Suprising but intentional and unavoidable. More below..
>
> Tasks which aren't created by running clone(2) and execve(2)
> (read: kernel threads) get empty ->exec_path and
>
> ->exec_path is copied on clone(2) and put at do_exit() time.
Doesn't this pin the vfs mount of the executable for the lifetime of
the task?
That was one of Al Viro's objections to early revisions of the exe_file
patches. It's the reason the exe_file patches kept track of the number of
VM_EXECUTABLE mappings with num_exe_file_vmas.
I've cc'd Al so he can confirm/deny my recollection of this. Basically
some programs need to be able to umount the filesystem that back their
executables.
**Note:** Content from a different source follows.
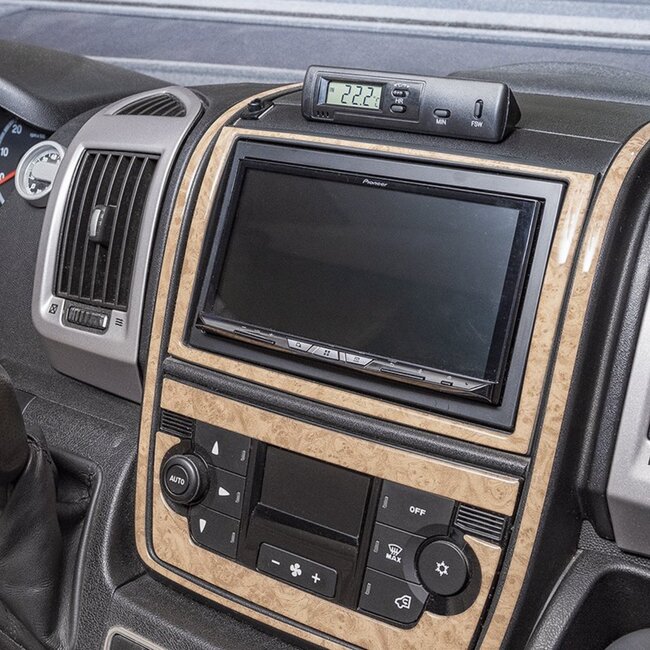 ProPlus Thermometer auto - binnen/buiten temperatuur - zwart - eenvoudig te bevestigen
Being able to unmap these regions was effectively a
userspace API for unpinning these mounts. I needed to preserve that API,
hence the VMA ugliness of exe_file that you object to with the exe_file
patches.
I think patches 2-7 look great and could be adapted to use exe_file instead
of ->exec_path.
Cheers,
-Matt Helsley
>
> ->exec_path is going to replace struct mm_struct::exe_file et al
> and allows to remove VM_EXECUTABLE flag while keeping readlink("/proc/*/exe")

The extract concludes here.